Dedon — the party who prevailed in the district court — argued that the district court should have denied the motion to compel with prejudice. Dedon relied on Kahn Lucas Lancaster, Inc. v. Lark Int’l Ltd., 186 F.3d 210, 218 (2d Cir. 1999), partially abrogated on other grounds by Sarhank Group v. Oracle Corp., 404 F.3d 657, 660 n.2 (2d Cir. 2005), which held that under the Convention on the Recognition and Enforcement of Foreign Arbitral Awards, arbitration agreements, to be enforceable, “must be signed by the parties or contained within an exchange of letters or telegrams.” 186 F.3d at 218) (quoting Article II of the Convention). But Dedon did not raise that argument before the district court, and so the Court said “the parties will have the opportunity to argue this issue at the trial on the existence of a contact.” Slip op. at 6-7. The Court also noted that the district court may “consider what effect, if any, [the Court’s] holding in Kahn Lucas has on any renewed motion to compel.” Slip op. at 7.

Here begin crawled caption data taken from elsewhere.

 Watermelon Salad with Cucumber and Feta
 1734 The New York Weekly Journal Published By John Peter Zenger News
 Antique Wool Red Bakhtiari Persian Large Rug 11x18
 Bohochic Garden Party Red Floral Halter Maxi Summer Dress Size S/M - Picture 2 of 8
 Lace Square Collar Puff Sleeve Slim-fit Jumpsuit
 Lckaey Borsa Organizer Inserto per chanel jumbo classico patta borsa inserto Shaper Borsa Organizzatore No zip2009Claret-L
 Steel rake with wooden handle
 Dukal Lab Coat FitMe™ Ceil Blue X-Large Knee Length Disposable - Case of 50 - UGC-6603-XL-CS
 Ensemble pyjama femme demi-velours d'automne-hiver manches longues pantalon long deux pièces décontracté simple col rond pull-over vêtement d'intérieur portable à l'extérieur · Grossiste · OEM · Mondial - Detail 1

[EDITOR’S NOTE: (Summary orders “filed on or after January 1, 2007 may be cited in a document filed” with the Second Circuit, subject to Rule 32.1 of the Federal Rules of Appellate Procedure and Local Rule 32.1.1. See Second Circuit Local Rule 32.1.1(b)(1) ; Fed. R. App. P. 32.1. “[A] party must cite either the Federal Appendix or an electronic database (with the notation ‘summary order)[,]” and “must serve a copy of it on every party not represented by counsel.” Second Circuit Local Rule 32.1.1(c) & (d).]